“Cancel Culture”

Louis C.K. Wins a Grammy for His Comedy Album About Cancellation

Dave Chappelle Wins Grammy for Netflix Special Condemned for Being Transphobic


“Between January and September 2021, 24 legislatures across the United States introduced 54 separate bills intended to restrict teaching and training in K-12 schools, higher education, and state agencies and institutions. The majority of these bills target discussions of race, racism, gender, and American history…” (Source)

Half of the top ten banned books for 2021 were banned in part for “LGBTQIA+ content.” (Source)

“In the last few years states have advanced a record number of bills that attack LGBTQ rights, especially transgender youth.” (Source)

“An NPR analysis of this fast-changing landscape found that over the past two years, state lawmakers introduced at least 306 bills targeting trans people, more than in any previous period.” (Source)

“…in recent years, more than 400 anti-voter bills have been introduced in 48 states. These bills erect unnecessary barriers for people to register to vote, vote by mail, or vote in person.” (Source)

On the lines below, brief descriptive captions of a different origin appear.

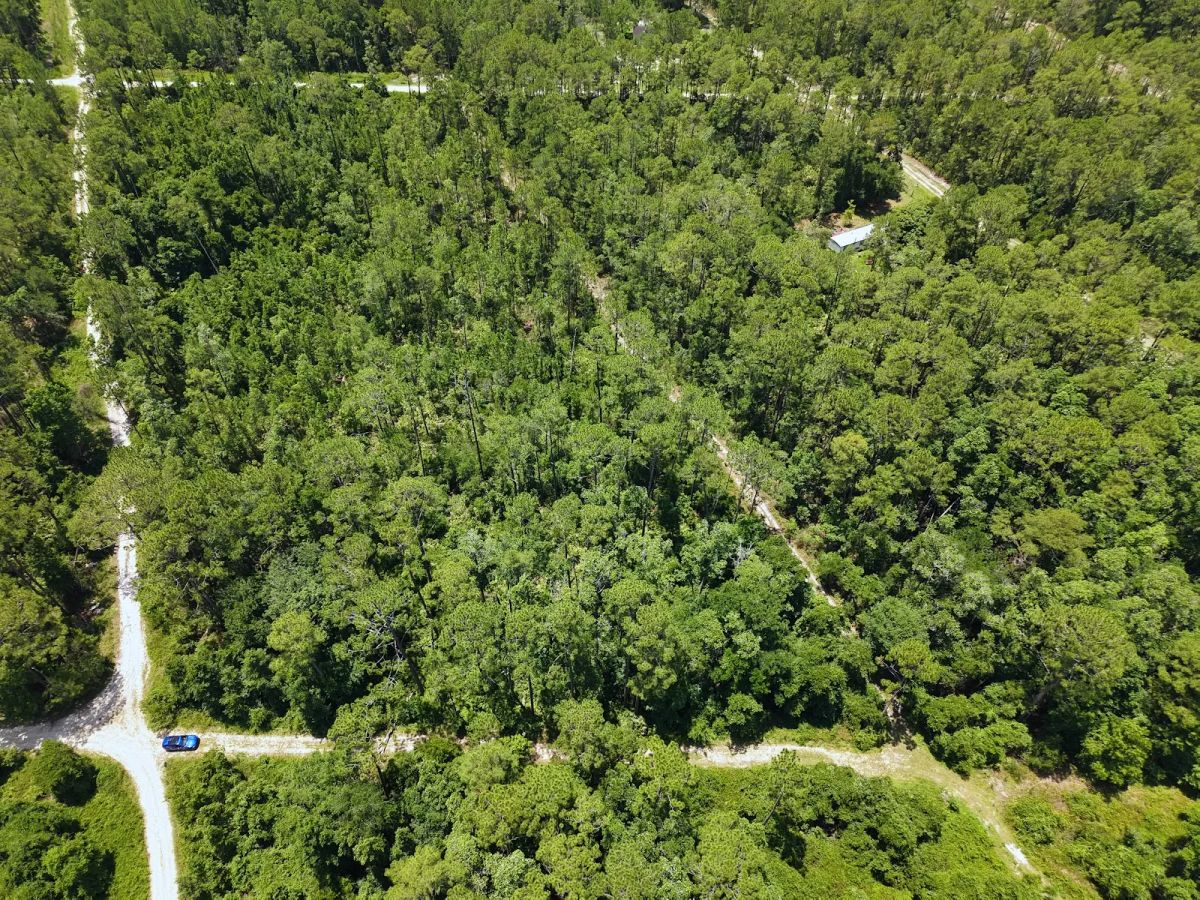 Decorative background for Off the Beaten Path in Satsuma, FL image 12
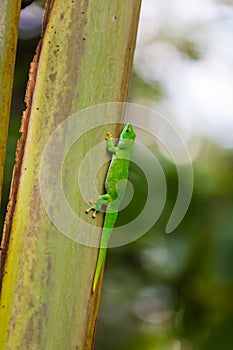 Madagascar day gecko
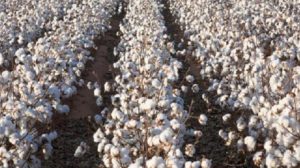 Πτώση στην τιμή του βαμβακιού προκαλεί ανησυχία στους παραγωγούς της Λάρισας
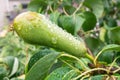 Pear with water droplets on the surface Royalty Free Stock Photo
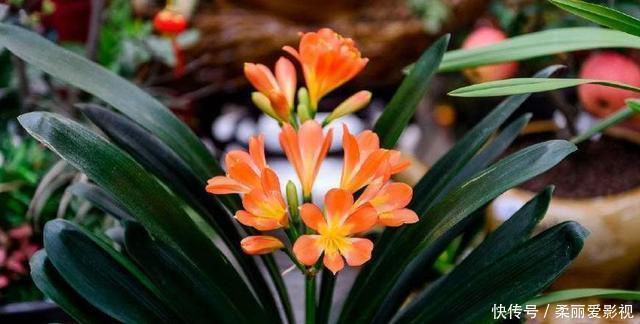 新叶|君子兰有“6怕”，难怪总是养不好，新手规避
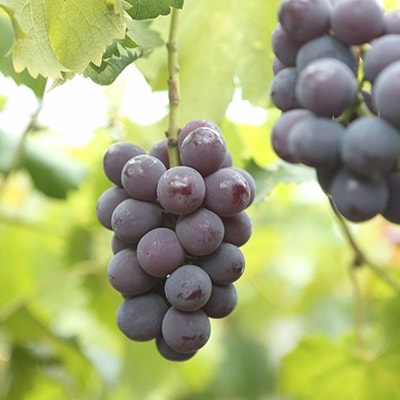 朝採りニューピオーネ2kg(3房～5房)【配送不可地域：離島】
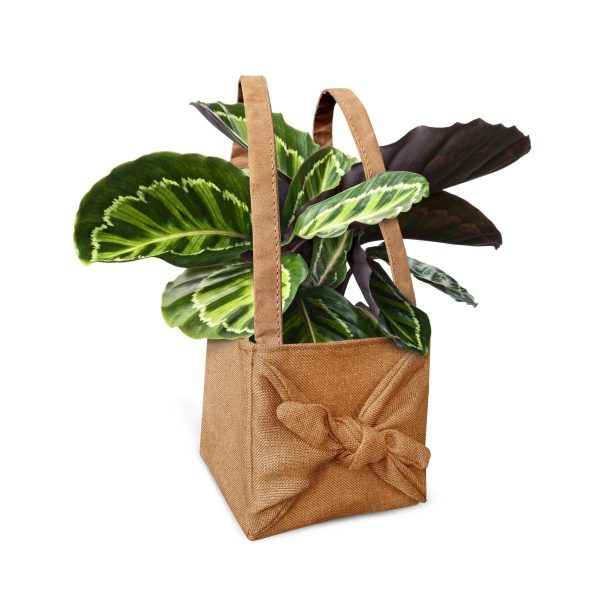 SET 10 SHOPPERS TESSUTOAMIDO DI MAIS 14X14X15 CM NATURALE SET 10 SHOPPERS TESSUTOAMIDO DI MAIS 14X14X15 CM NATURALE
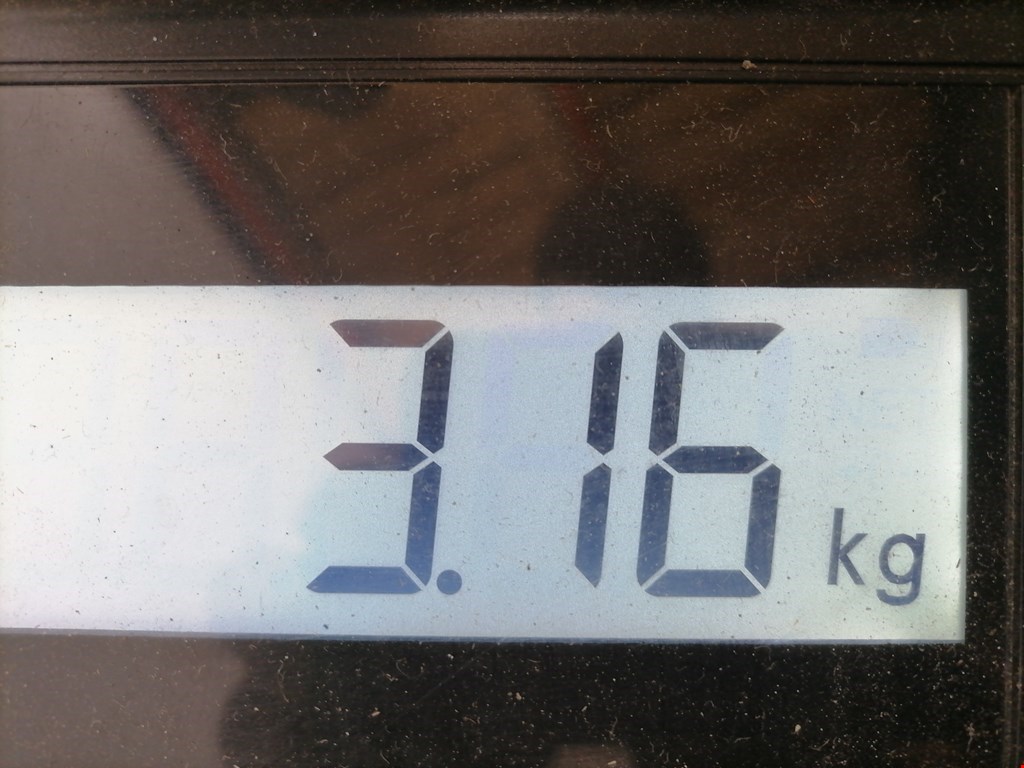 Интеркулер (радиатор интеркулера) SEAT Altea 2004-2015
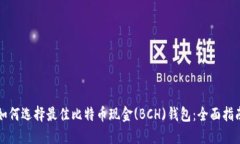如何选择最佳比特币现金(BCH)钱包:全面指南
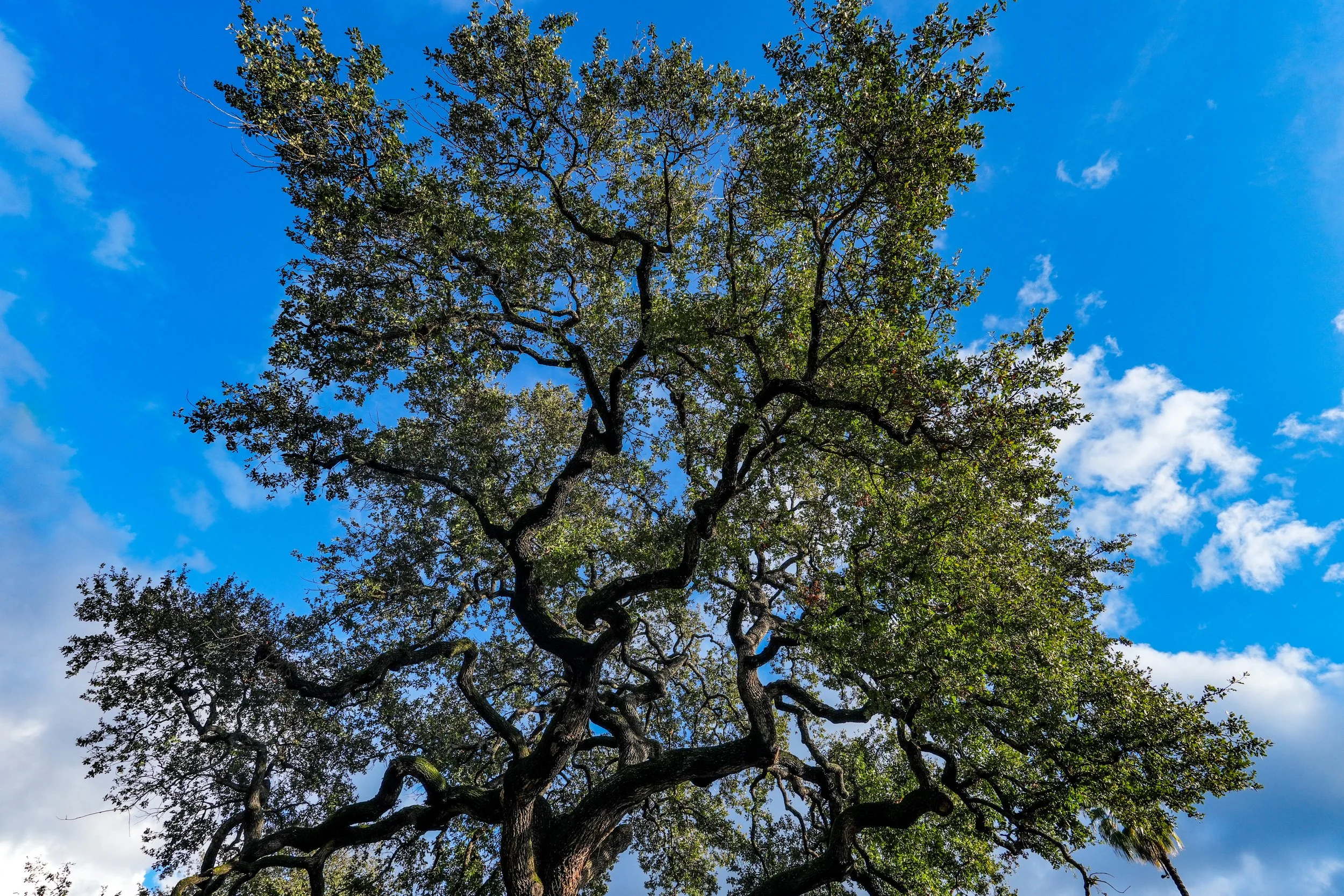 9FB0DBD2-2598-4774-B915-7EEA6B99293C 3.JPEG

“…at least 19 states have so-called “anti-critical race theory” laws or regulations—despite the fact that CRT is rarely taught below the graduate university level. Even more school boards enacted policies or changed curricula in an effort to restrict how teachers talk to their students about race and diversity.” (Source)

In general, it feels like the people complaining the loudest about “cancel culture” are the ones with big platforms (Hi, J. K. Rowling!) and huge followings. Wouldn’t it be nice if they could use those platforms to speak up on behalf of the people who are actually being suppressed and silenced?